» SUPPLIED RECORDS
_ _ _ _

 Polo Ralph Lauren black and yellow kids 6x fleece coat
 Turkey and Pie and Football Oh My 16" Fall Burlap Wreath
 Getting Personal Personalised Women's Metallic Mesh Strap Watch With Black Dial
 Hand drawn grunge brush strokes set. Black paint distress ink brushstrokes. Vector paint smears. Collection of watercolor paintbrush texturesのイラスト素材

_ _ _ _

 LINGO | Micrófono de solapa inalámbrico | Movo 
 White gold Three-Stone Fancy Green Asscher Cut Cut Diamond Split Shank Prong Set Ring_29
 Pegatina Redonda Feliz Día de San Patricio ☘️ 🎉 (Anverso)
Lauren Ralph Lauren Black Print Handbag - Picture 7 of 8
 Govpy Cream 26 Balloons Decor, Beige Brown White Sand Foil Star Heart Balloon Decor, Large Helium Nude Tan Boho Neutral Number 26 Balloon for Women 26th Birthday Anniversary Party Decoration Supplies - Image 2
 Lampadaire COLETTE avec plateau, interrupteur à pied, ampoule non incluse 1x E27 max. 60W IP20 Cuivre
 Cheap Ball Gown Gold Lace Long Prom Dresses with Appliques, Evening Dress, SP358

_ _ _ _

Using the records above, write out exactly the lines between the one holding "White gold Three-Stone" and the one holding "Lauren Ralph Lauren", inclusive; leave everything else out.

 White gold Three-Stone Fancy Green Asscher Cut Cut Diamond Split Shank Prong Set Ring_29
 Pegatina Redonda Feliz Día de San Patricio ☘️ 🎉 (Anverso)
Lauren Ralph Lauren Black Print Handbag - Picture 7 of 8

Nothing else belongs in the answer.